In the second place, these rightwing propagandists have dismally failed to understand the lessons of the miraculous 1988 turnaround, where the UNP snatched victory from the jaws of defeat. It was precisely by fielding a candidate who was even more patriotic and populist than Mrs. Bandaranaike. As UNP Gen Sec Ranjan Wijeratne’s survey had clearly indicated, the mood in the country was such that Premadasa was the only acceptable option; the only one with even half a chance. Had Gamini Dissanaike been the candidate in 1988 instead of Premadasa, not only would the UNP have lost; it would have been overrun and massacred by the violent xenophobes—so hated was the governing party, for its perceived treachery and manifest insensitivity to the poor. Ranasinghe Premadasa was the only exception.  

If the UNP does not repeat the move of the maestro, President Jayawardene, in 1988 when the party and government’s back was to the wall, and play the Premadasa card, then, as Sajith said, to the assembled party loyalists in his Sugathadasa stadium May 7th speech (referring to the need for total change and radical democratisation of the party and its policies): “May God help us!”

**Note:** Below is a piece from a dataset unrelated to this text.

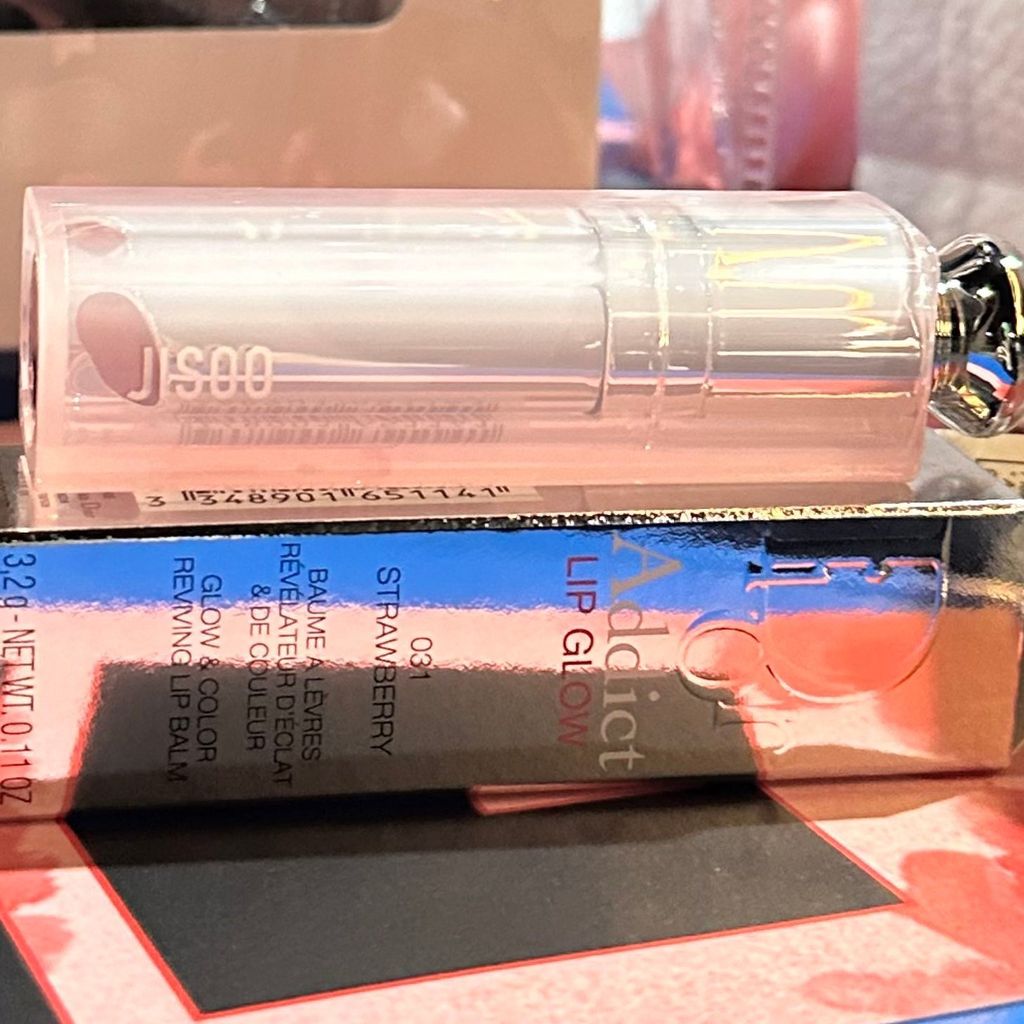 Debut Solo, Jisoo BLACKPINK Bagi Lipbalm DIOR Rp 635 Ribu ke Fans Debut Solo, Jisoo BLACKPINK Bagi Lipbalm DIOR Rp 635 Ribu ke Fans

Meanwhile the SLPP-JO was the sole formation among the serious national contenders for state power next year, to have a May Day procession and rally, signalling that it is still the largest political formation in the island. The number of references to Basil Rajapaksa made it clear that the race for the Presidential candidacy is underway. 

There are SLPP voices supporting Basil but the SLPP is not the JO and not even the whole of the SLFP group with Mahinda. The JO parliamentarians as a bloc are loyal to Mahinda and no one else. Any aspiring candidate will not only have to secure MR’s fullest support but also earn the trust of the JO parliamentarians. Among the broader public; i.e. in society at large, the groundswell is for Gotabaya. Inexorably, the choice before Mahinda Rajapaksa is becoming Gotabaya (or Chamal).     

Unless Mahinda Rajapaksa can become Prime Minister and revise the 19th Amendment before late 2019—which is the best possible outcome for the country—then the choices have to be made as to the candidates of the respective sides. The increasingly restless and rebellious social mood will impact the final choices.